The rose petals have been strewn around the bedroom. The champagne is chilled, and the candles are lit. Now all that’s needed is your beloved…and a joint, if you happen to be among the many people out there who use cannabis to improve sex. Approximately 1 in 4 Americans and Canadians do just that, according to Civilized’s Cannabis Culture Poll.
We recently teamed up with PSB Research and Burson Cohn Wolf to survey 1,000 American and over 600 Canadian adults about cannabis, including what effects they’re looking to achieve when they smoke, vape or munch a little cannabis. Here’s what we found out.
Roughly 23 percent of American consumers and 25% of Canadians say they try to achieve sexual excitement. (It’s worth noting that the same percentage use cannabis to achieve more energy…) Those stats fly in the face of theories about ‘weed dick’ while also confirming the usefulness of products like weed-infused lube.
Other desired effects that could be useful in the bedroom include improved focus (popular among 28 percent of Americans and 30 percent of Canadians), thoughtfulness (25 percent of Americans and 24 percent of Canadians) and connection (17 percent of Americans and 21 percent of Canadians – how polite!).
But people are looking for more than just improvements to their boudoir skills. Three of the most desired effects of cannabis were relaxation (69 percent of Americans and 77 percent of Canadians), anxiety relief (62 percent of both American and Canadian consumers) and mellowness (56 percent of Canadians and Americans). This is exactly why cannabis has become such a popular complement to nature walks, yoga and more.
Other desired effects included hunger and appetite (25 percent of Americans and 28 percent of Canadians), sleepiness (33 percent of Americans and 46 percent of Canadians) and, of course, the giggles (33 percent of Americans and 36 percent of Canadians).

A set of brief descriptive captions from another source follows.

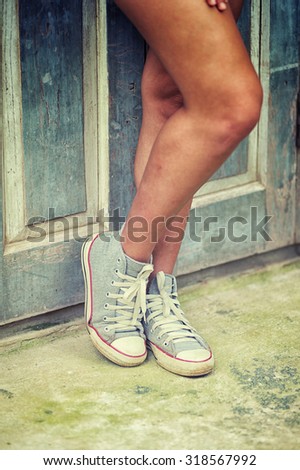 asia women in shoe standing relax against  wood wall, vintage effect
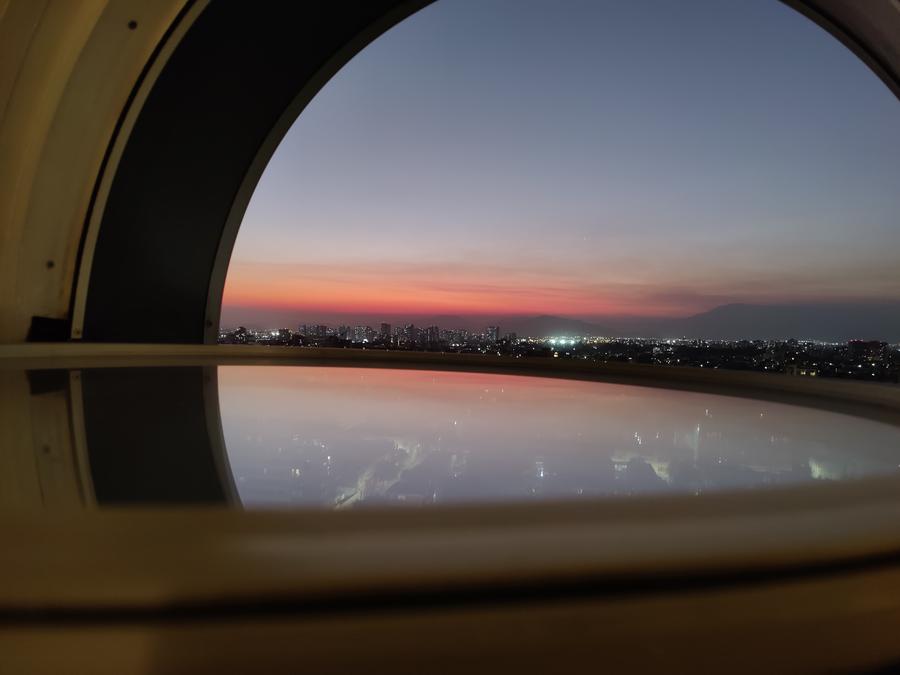 A view of my the sunset reflected by the circular window.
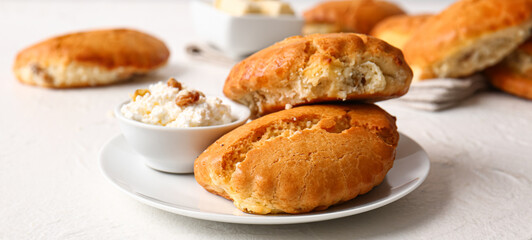 Plate of tasty sochniki with cottage cheese on white background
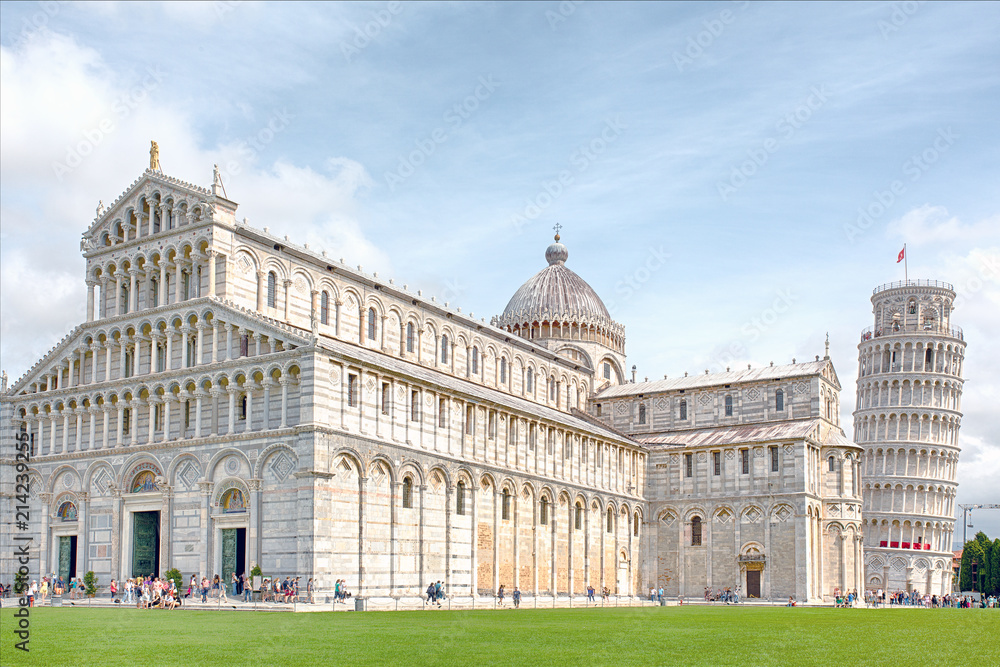 View from the Piazza del Duomo on the Cathedral of Pisa and the leaning tower of Pisa.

So what does this all mean? It seems like there are as many reasons for consuming cannabis as there are types of cannabis to consume. The benefits of medical and recreational cannabis are apparent, and people are trying their best to use it to improve and balance their lifestyles.
Of course, we should also mention that 1 percent of Canadian and American consumers said they were looking for “other” effects than the ones listed on our survey. We can only imagine…
The Cannabis Culture Poll is an annual study commissioned by Civilized in partnership with PSB Research and Burson Cohn & Wolfe. In March 2019, the poll surveyed 1,602 adults from coast-to-coast in the U.S. and Canada. The research groups, consisting of both cannabis consumers and non-users, were asked a variety of questions about their views about cannabis as well behaviors, habits, and personal experiences.